Can I set the EMI strike price below AMV?

No. EMI rules require the strike price to be at least AMV at grant. Strike below AMV is not a slightly-worse grant - it disqualifies the entire option from EMI treatment, and the grant is taxed as an unapproved option (income tax at up to 45% plus NI on the gain). The strike-equal-to-AMV rule is the cleanest line in the EMI regime; do not cross it.

How long does an HMRC AMV / UMV agreement stay valid?

90 days from the date of agreement. Any grant made within 90 days uses the agreed AMV / UMV figures. After 90 days, you need a fresh agreement, even if nothing has changed. Most companies time their valuation agreement to coincide with the planned grant window - submit the VAL231 4-6 weeks before the planned grant date so the 90-day clock covers the actual grant.

Does the April 2026 expansion affect existing EMI grants?

No - existing grants keep their original terms, original AMV, original strike. The expansion applies only to grants made on or after 6 April 2026. Practically this means a company that hit the old GBP 30m gross-asset ceiling in early 2026 and stopped granting EMI can resume granting from April 2026 onwards under the new GBP 120m ceiling.

Can I apply a higher restrictions discount than 20%?

Yes, if the restrictions package genuinely warrants it. A heavy drag-along plus a hard transfer lock plus a 5-year leaver-clawback can sustain a 30% restrictions discount. HMRC will look at the actual restrictions schedule. The risk in pushing the discount above 25% is HMRC counter-proposing - which adds 4-8 weeks to the agreement timeline. For most indie SaaS first grants, the standard 20% is the path of least resistance.

What happens if HMRC rejects the VAL231 submission?

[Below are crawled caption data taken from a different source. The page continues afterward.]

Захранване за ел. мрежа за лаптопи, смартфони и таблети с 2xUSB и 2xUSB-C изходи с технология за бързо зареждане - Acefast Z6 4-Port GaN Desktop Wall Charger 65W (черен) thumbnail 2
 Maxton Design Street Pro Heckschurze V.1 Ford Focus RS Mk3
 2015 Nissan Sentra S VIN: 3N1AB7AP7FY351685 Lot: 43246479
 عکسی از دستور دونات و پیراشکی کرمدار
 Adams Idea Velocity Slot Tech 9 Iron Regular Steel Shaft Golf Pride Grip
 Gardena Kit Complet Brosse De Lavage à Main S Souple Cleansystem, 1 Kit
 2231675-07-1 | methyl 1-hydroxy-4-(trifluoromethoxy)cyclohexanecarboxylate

HMRC very rarely rejects outright. The normal response is a counter-figure - they propose an alternative AMV / UMV. You can accept (resubmit at their figure), counter back (with additional comparables or a revised restrictions argument), or escalate to a formal valuation tribunal (rare, expensive, slow). For a clean indie SaaS post-SEIS submission with sensible discounts, the counter rate is in the single-digit percent. Most submissions clear first time.